俺にはブルーズを歌う権利なんかない

どこにも所属を持たず仕事/勉強/読書を続けています。2008年、音楽についてメモ代わりに書くためにこのブログを始めました。

1985年のクルト・ワイル


Ballad Of The Soldier's Wife - Marianne Faithfull ...

 八十年代ごっこで終わる、今年の夏…というか今年の夏に限ったことでもないのですね。
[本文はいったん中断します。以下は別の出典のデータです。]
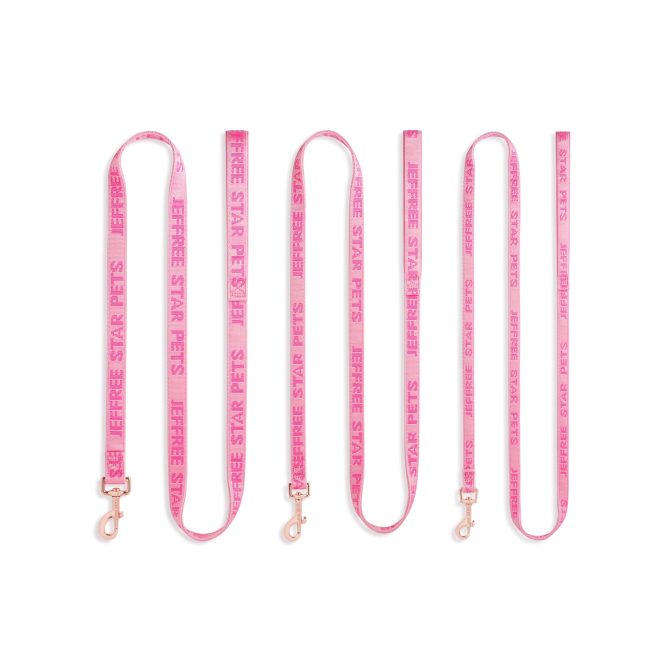 Woven Pink Leash - Image 6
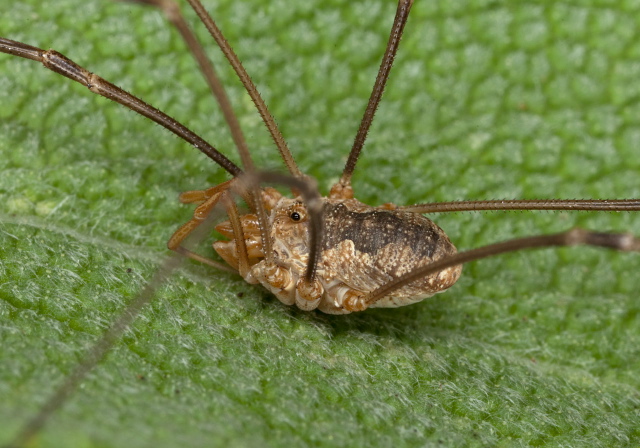 Phalangium opilio? Phalangiidae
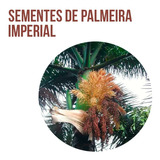1.000 Sementes De Palmeira Imperial - Recém Colhidas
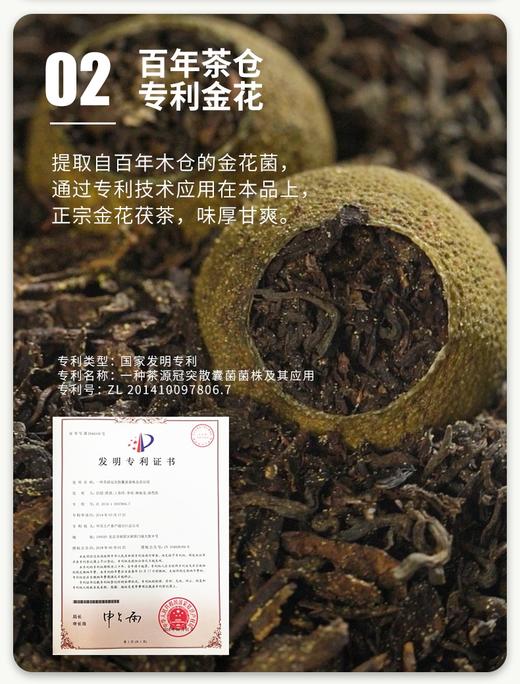 中粮-中茶安化黑茶中茶小青茯正品礼盒小青柑金花茯茶145g 商品图1
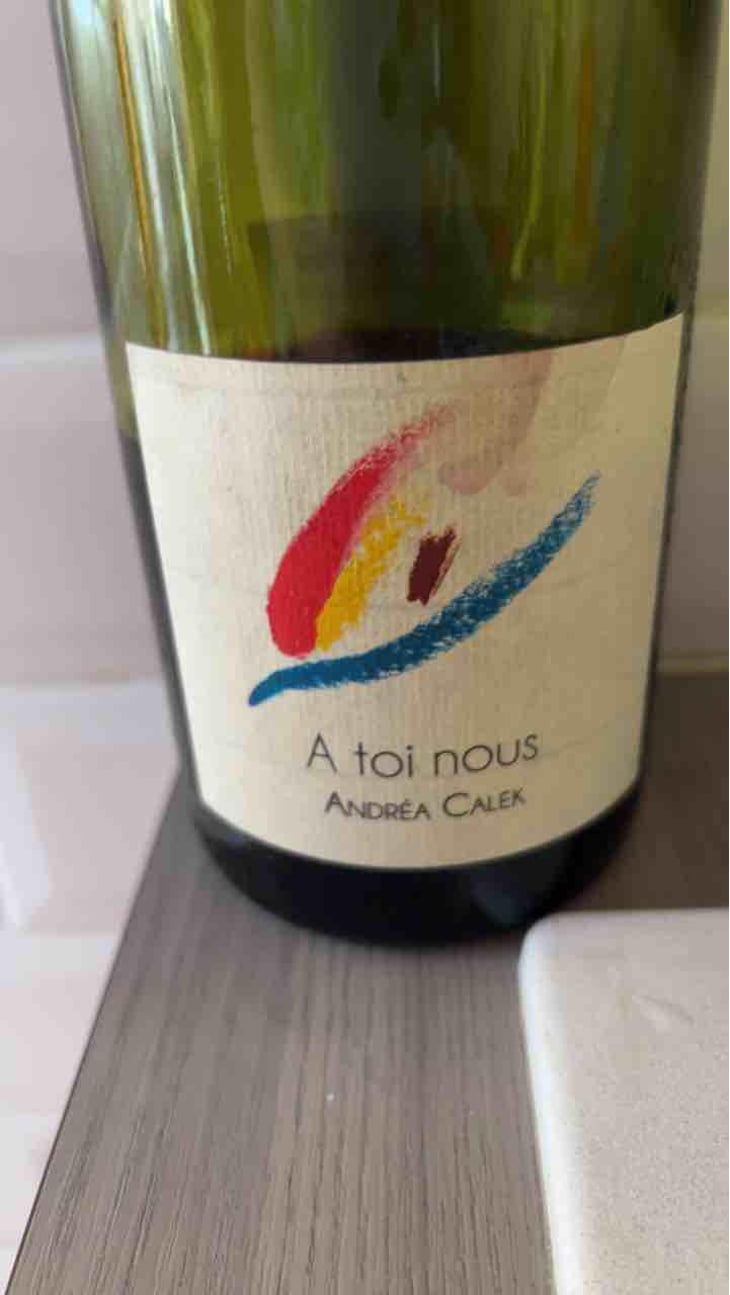 A Toi Nous - Andrea Calek - Andrea Calek et Stephana Nicolescu 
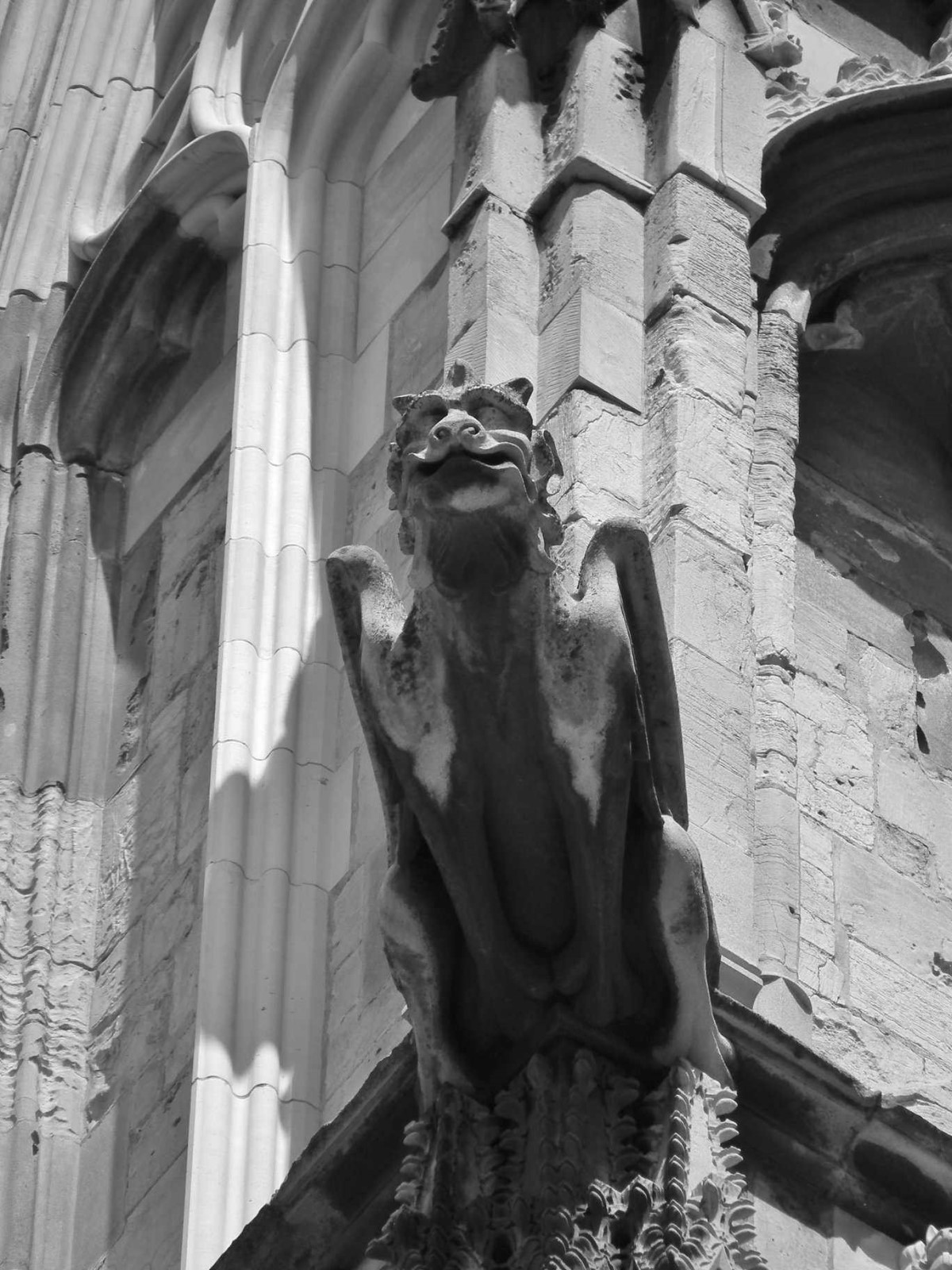 Gargoyle Watcher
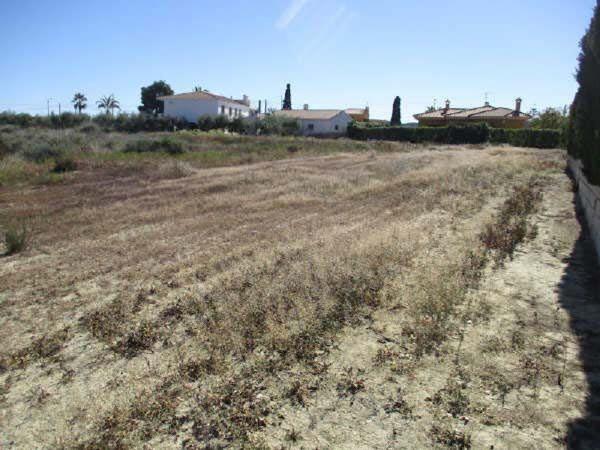 Terreno en Calle las Almenaras, 3, Ciudad de Asís - Font-Calent - El Bacarot, Alicante / Alacant photo 4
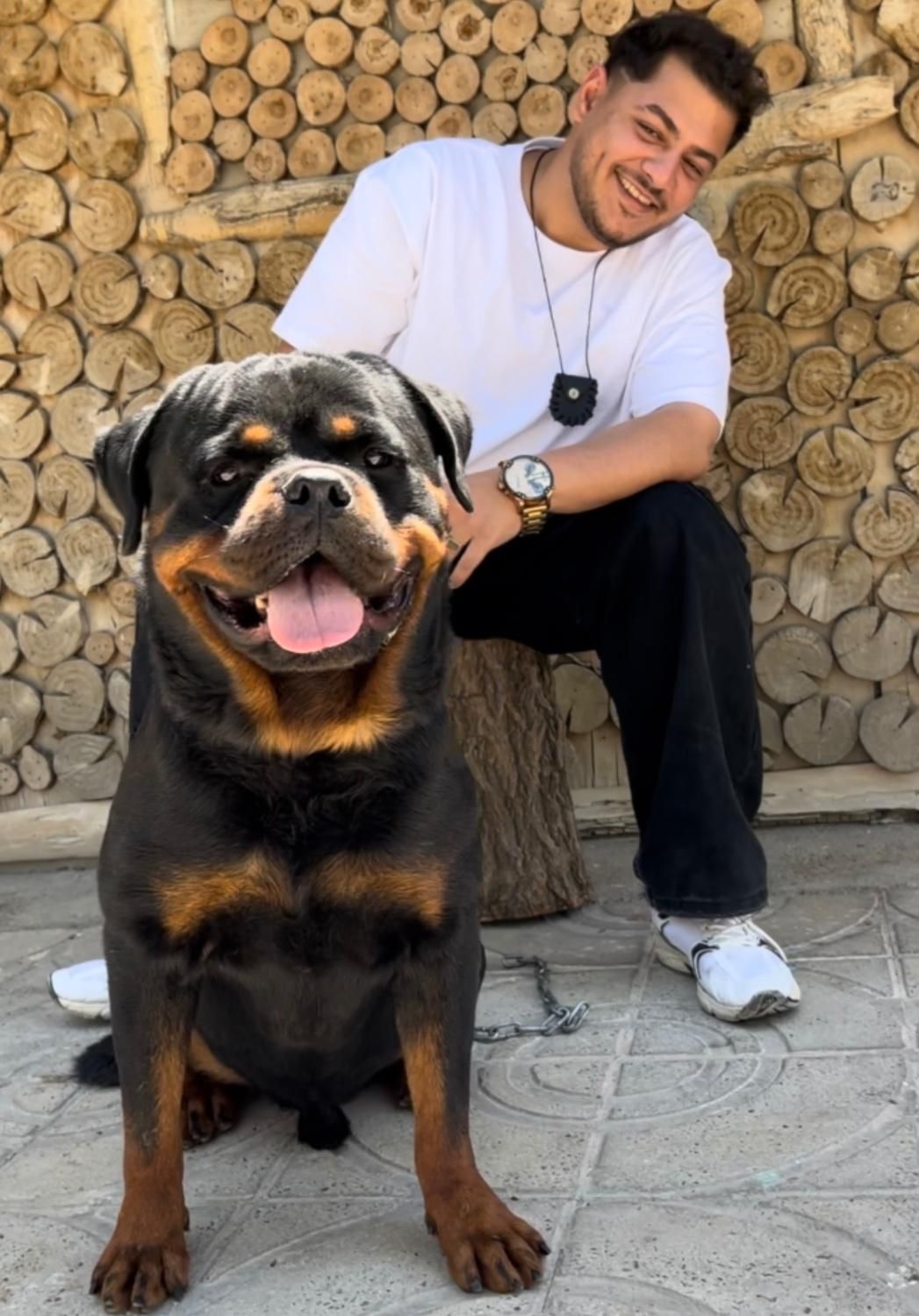 توله روتوایلر اروپایی سگ روتوایلر دلقکی رتوایلر|سگ|تهران, الهیه|دیوار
 三年前、安いアナログレコードプレイヤーを購入してから、死蔵していたアナログ盤を聴いています。八十年代の終わり、リサイクルショップに通っては当時急速にすたれつつあったLPを買ってましたが、そのころの気分がよみがえります。処分せずによかった…

 さらに最近もまた、リサイクルのお店で、ほとんど投げ売りのLPを買ってきては、クリーニング液できれいにしては聴いています。アナログ盤って、東京の専門店では数千円、あるいは何万円という値段がついているらしいですが、まあ、ぼくの行くようなところにはそんな高価な盤なんかおいてやしません。二百円とか三百円とか、ちょっといいなというのでも八百円とか。なかにはそんな値段でミントな(=新品同様の)ものがあったりして、そんなときはしばらく幸せな気分です。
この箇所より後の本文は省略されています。